Sydney is where the forex week begins — the first session to open after the weekend, and the smallest and quietest of the four major sessions. As the rest of the world sleeps, the Asia-Pacific market stirs first here, easing the market back into motion. But its thin liquidity, wider spreads, and the gap risk of the Sunday reopen make it a session to treat with a little extra care. Understanding the Sydney session helps a trader know what to expect from the very start of the trading day and week — calm conditions, but with some specific cautions. This guide is a deep dive: its hours, character, key pairs, and the practical risks to mind.

It's one of the four sessions in the sessions overview, leads into the Tokyo session, and its Sunday reopen is a key source of gap risk.

Key takeaways

In short

Q: What are the Sydney session hours?
A: The Sydney session runs roughly 22:00–07:00 GMT, covering Australasian trading hours. It's the first session to open for the new trading day — and, on Sunday evening GMT, the first to reopen for the new week after the weekend. Times are approximate and shift with daylight saving, so verify the current window.

Q: What is the Sydney session like?
A: It's the smallest and quietest of the four major sessions, with the lowest liquidity and volatility and the widest spreads.
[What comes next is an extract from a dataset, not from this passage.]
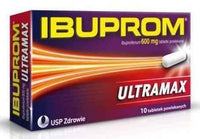 Ibuprom Ultramax 600mg x 10 tablets UK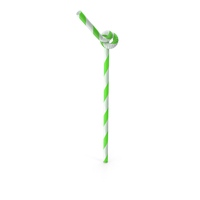 Green Spiral Plastic Drinking Straw PNG & PSD Images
Price action is often slow and range-bound. It overlaps with Tokyo as Asia comes online, which brings the most activity to its later hours, but on its own Sydney is thin and calm.

Q: Why does the Sydney session carry gap risk?
A: Because it's the first session to reopen after the weekend (Sunday evening GMT), it's the point at which the market resumes after being closed — and price can reopen at a different level than Friday's close if news broke over the weekend, creating a gap. The thin opening liquidity can also mean wider spreads and erratic early moves.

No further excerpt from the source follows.